If the mere thought of networking makes you want to cringe, roll your eyes, or break out in a cold sweat, know that you’re not alone.
When it comes to networking, most of us have a stereotypical image of a person in a suit and tie, shaking hands and fast-talking at a business conference. A Harvard Business School study found that, “Even when people know networking is beneficial to their careers, they often don’t do it,” according to co-author and Professor Francesca Gino.
Read on to learn how to network successfully and make the most of it!
Let’s start with what networking is, and also what it isn’t. Networking exists to connect businesses and individuals in ways that are mutually beneficial. Networking can happen at a 1,000-person conference or on a 5-person Zoom call. The common denominator is conversation related to a shared professional interest. So a meetup of UX designers counts as networking, while a meetup at the dog park likely is not.
Networking conversations are meant to be brief, like speed dating. Maybe you’ll share contact information to follow up at a later date, but there’s no pressure to talk for hours. You don’t need to make a new best friend, impress anyone with your design expertise, or speak with everyone in the room. The strongest networks are a curated list of individuals with whom you’ll develop a relationship over time.
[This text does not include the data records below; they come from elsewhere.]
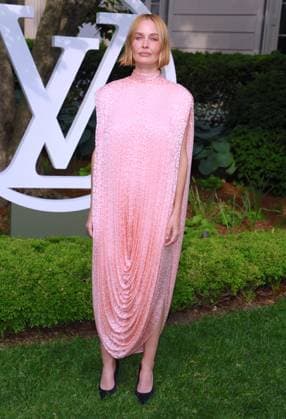 Celebs at The Louis Vuitton Cruise 2027 - NYC Lara Worthington attends the 2027 Cruise Louis Vuitton show at The Frick Collection in New York on May 20, 2026. Photo by Charles Guerin ABACAPRESS.COM New York City NY United States  Copyright: xGuerinxCharles ABACAx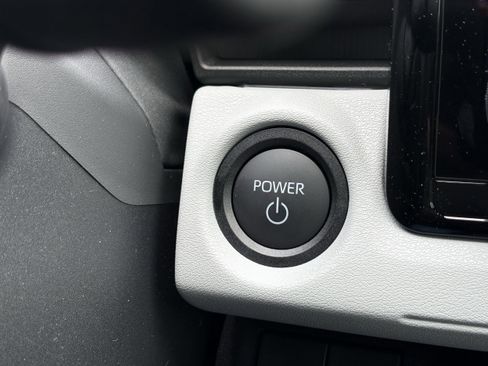 New 2026 Subaru Uncharted AWD image 18
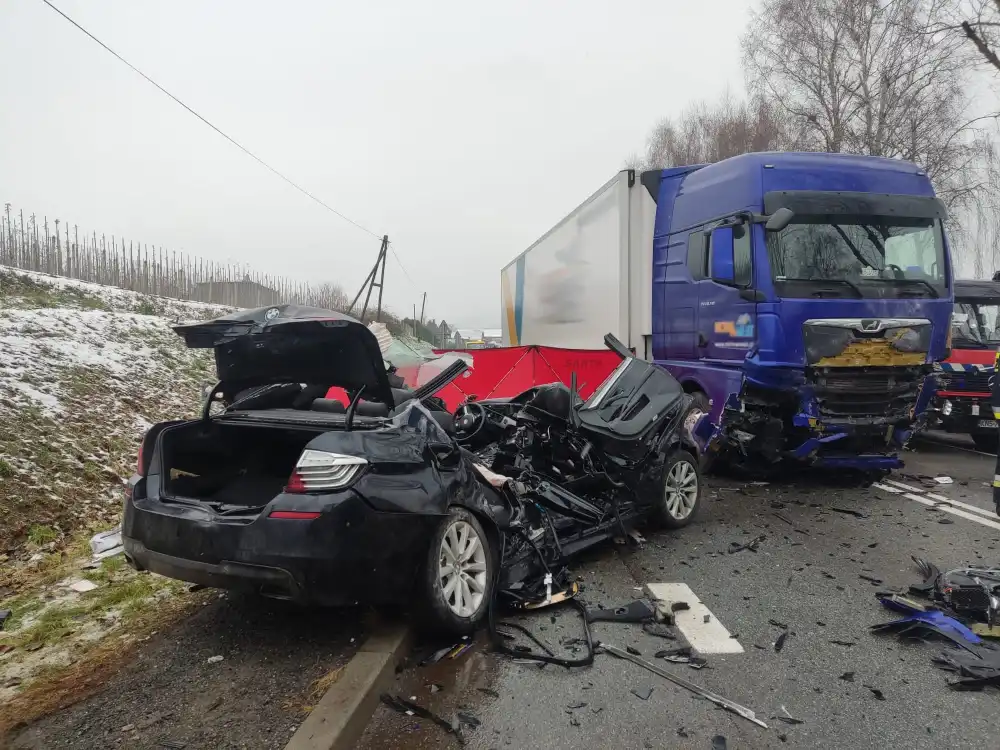 Śmiertelny wypadek na DK75. Nie żyje młody mężczyzna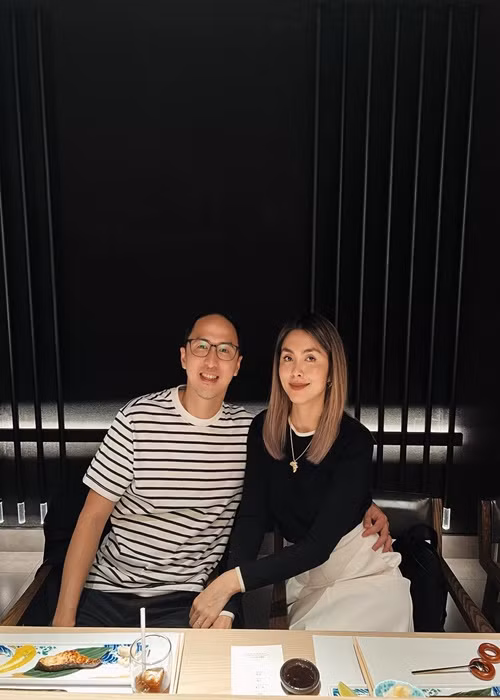 Tăng Thanh Hà còn được chồng tặng những món quà ý nghĩa như hai chiếc nồi để cô thỏa mãn niềm đam mê nấu nướng, hay loài hoa tulip trắng cô yêu thích.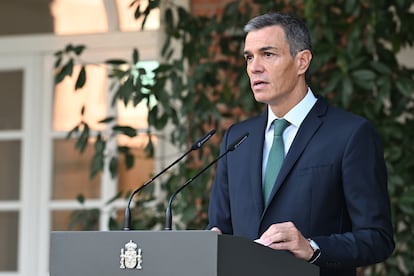 El presidente del Gobierno, Pedro Sánchez, durante el anuncio de las sanciones contra los responsables de crímenes de guerra israelíes. 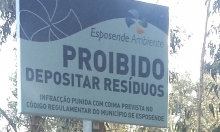 Limpeza de resíduos em caminho público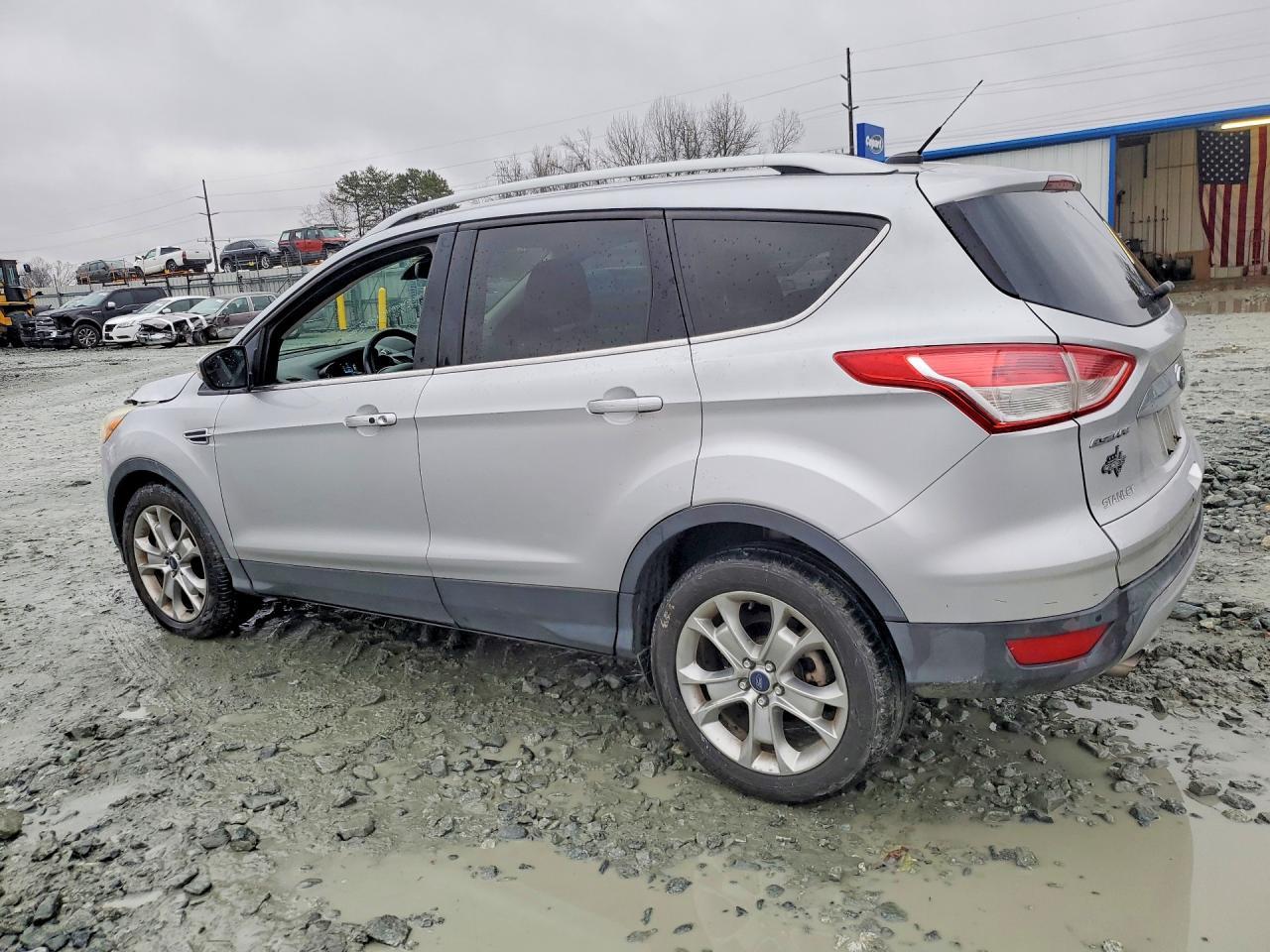2014 Ford Escort - Фото 2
One important distinction to remember is that networking is not a job interview. You’re not presenting a case study, going into detail about your life story, or answering questions in front of a panel. There’s no pass/fail for networking, and what works for you might not for someone else. At best, you’ll meet a few interesting people who might be able to help you in the future. At worst, you’ll figure out that a particular group or event wasn’t what you were looking for and move on.
So how can you make sure that you’re putting your best foot forward during your next networking event? Read on for a few suggestions.
Once you’ve signed up for a networking event, do some research on the speaker(s), organization, and any past events they’ve run. Oftentimes, you can see the list of attendees, so spend some time on LinkedIn to get a sense of who will be there with you. Finding commonalities can make you feel more comfortable entering a new space, and you’ll most likely see that there are other attendees who come from similar backgrounds. Chances are, the more prepared you are to have a conversation with a fellow attendee, the more likely it will be to actually happen.
Before you begin any design project, you do research, come up with a project plan, and define success. You should look to treat networking exactly the same. So, what does success look like as you head to your next networking event? If you go with a goal in mind, it will help you focus your conversations and efforts. Maybe your goal is to speak with 5 people over the course of the night. Maybe it’s to talk one-on-one with someone for 15 minutes. By having a goal in mind, you can measure your progress and strategize about how you might change things up and improve next time.
We’ve mentioned this before, but rather than trying to drum up conversations with total strangers, try looking at your existing connections in a new light. Your aunt or cousin may not have the job you dream of, but they may work at a company that has roles aligned with your aspirations. Take a look at alumni networks, interest groups, clubs, and other organizations you’re already a part of with a networking lens.
When you reach out to a current connection for networking purposes, make sure you’re providing context and a suggestion for actionable next steps. Instead of sending a note that says, “Hey, it’s been awhile, let’s chat!”, try something more nuanced. “Hey there, I hope all is well, and I’d love to get on a quick call to hear your thoughts on Company XYZ. Do you have some time in the next two weeks to connect?” You’ve given them a timeline and topic, and increased the chances that the conversation might progress in a productive way.
If you think about something you’re good at and enjoy (running, painting, playing an instrument, cooking a favorite dish, etc.), reflect on how you got so skilled at it. Hours, months, and years of practice have honed that skill until you can do it with ease. Then consider how long you’ve been trying your hand at networking in the design and tech spaces. It stands to reason that for most people, it’s going to be hard and uncomfortable at first-and that’s ok! Every new conversation is an opportunity to work towards being more comfortable in networking situations.
You may never love networking, but if you keep these tips and tricks in mind, they can help you take advantage of your next industry event. Good luck!